===== THE DATA =====
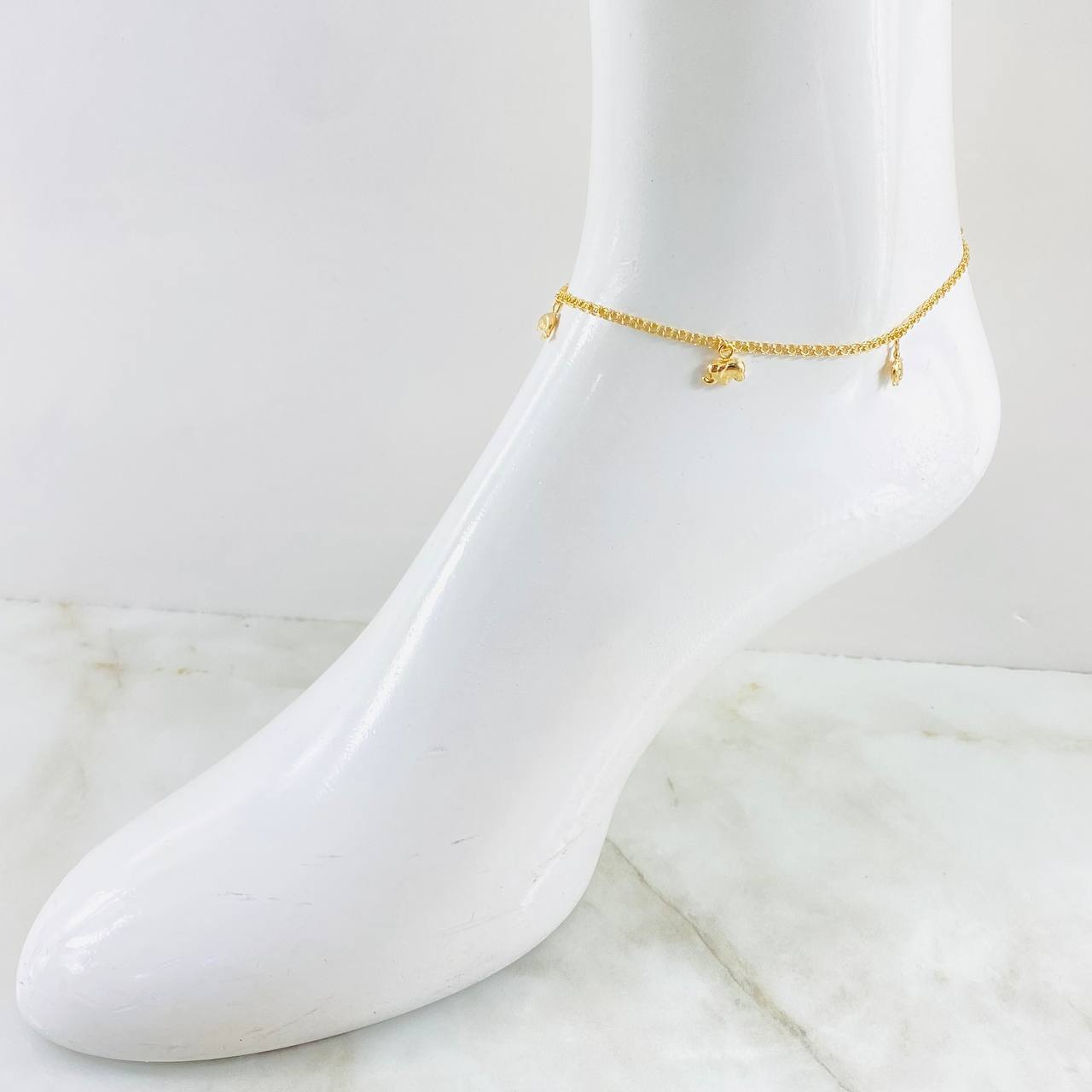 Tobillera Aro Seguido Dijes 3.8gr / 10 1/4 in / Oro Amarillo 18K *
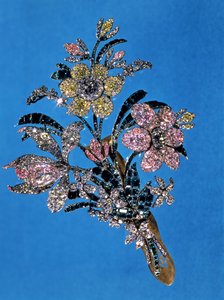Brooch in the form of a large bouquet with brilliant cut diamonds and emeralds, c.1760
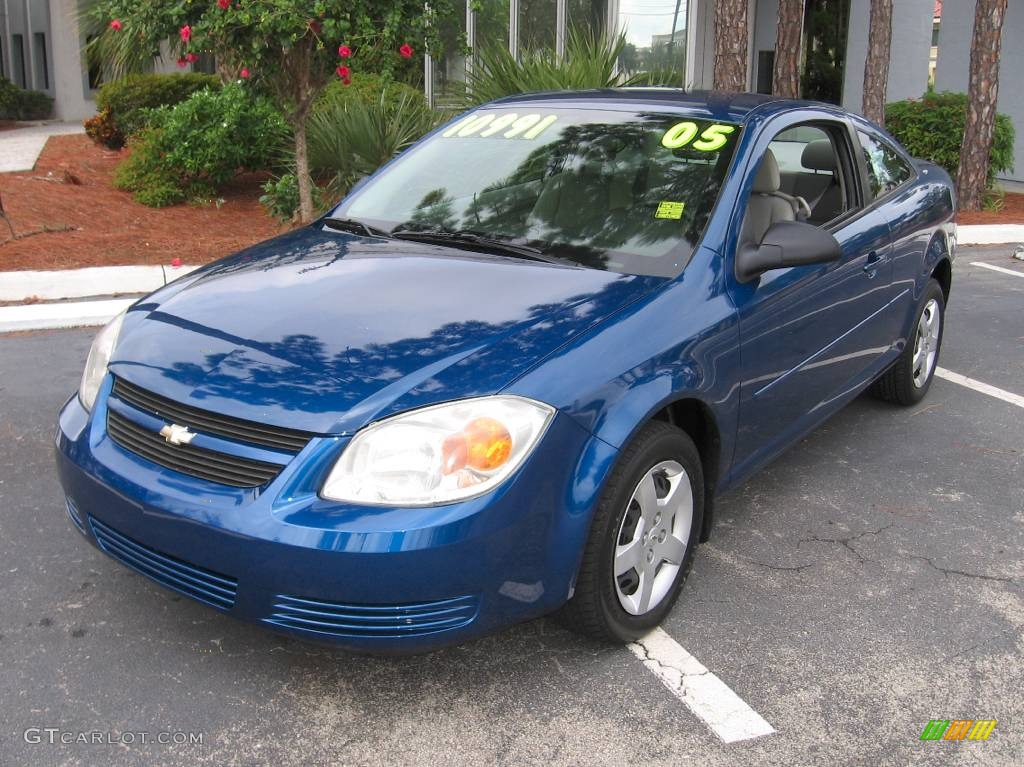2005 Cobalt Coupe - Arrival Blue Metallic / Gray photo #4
=====
===== THE DATA =====
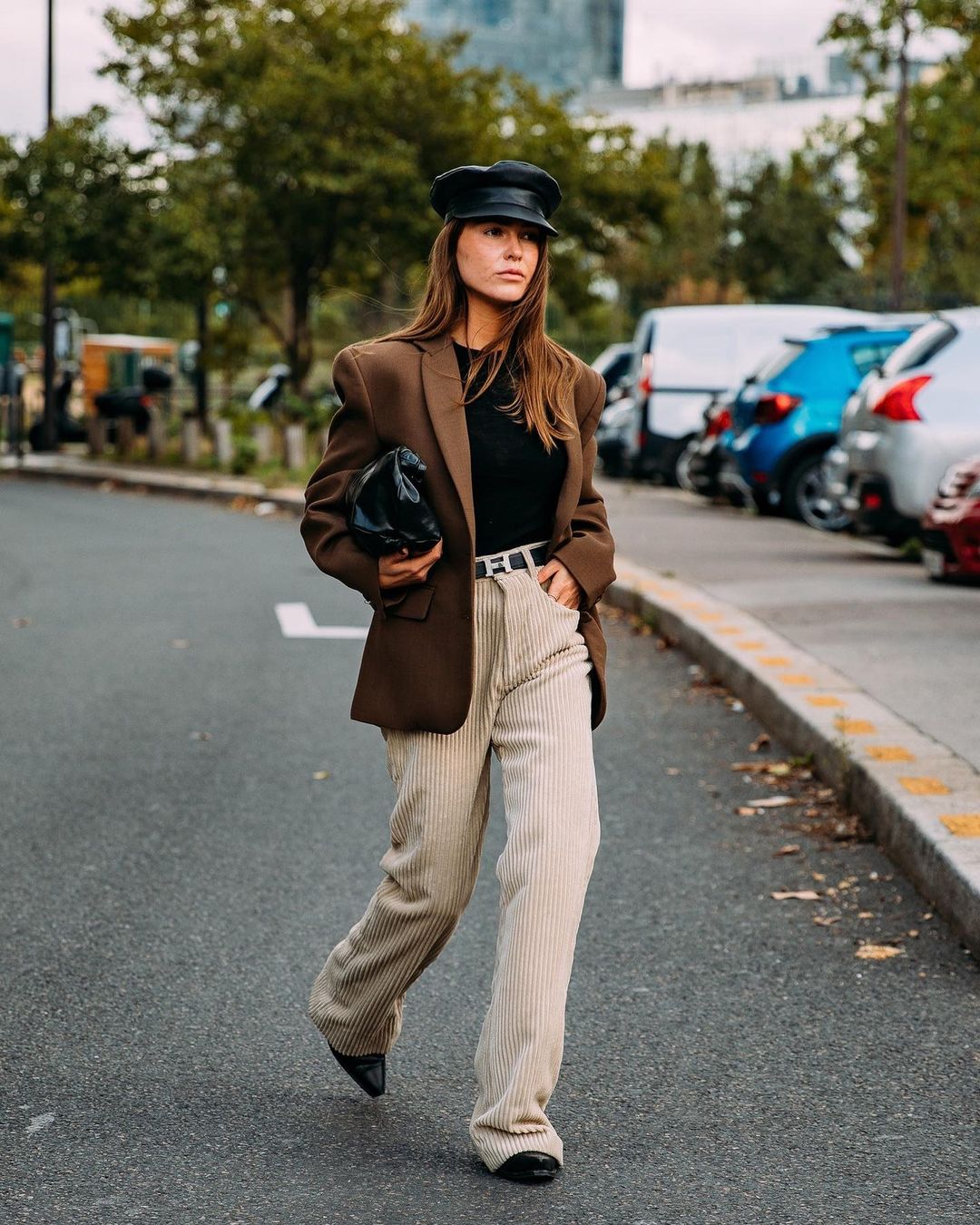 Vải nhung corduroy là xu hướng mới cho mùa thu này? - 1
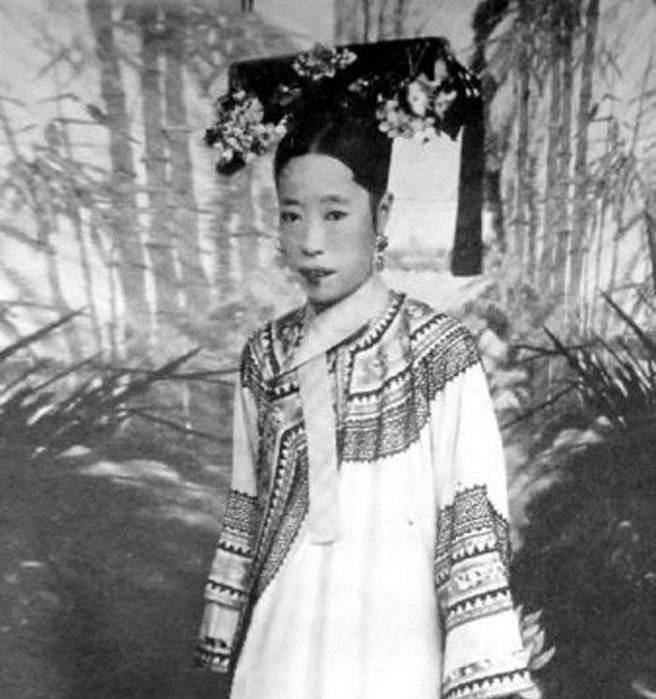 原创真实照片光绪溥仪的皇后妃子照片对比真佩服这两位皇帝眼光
=====
[AIM OF THE EXERCISE]:
In the data above, the stretch from the line with "Tobillera Aro Seguido" through the line with "2005 Cobalt Coupe" is to be returned exactly, minus any pictures.

[RESPONSE TO THE TASK]:
 Tobillera Aro Seguido Dijes 3.8gr / 10 1/4 in / Oro Amarillo 18K *
Brooch in the form of a large bouquet with brilliant cut diamonds and emeralds, c.1760
2005 Cobalt Coupe - Arrival Blue Metallic / Gray photo #4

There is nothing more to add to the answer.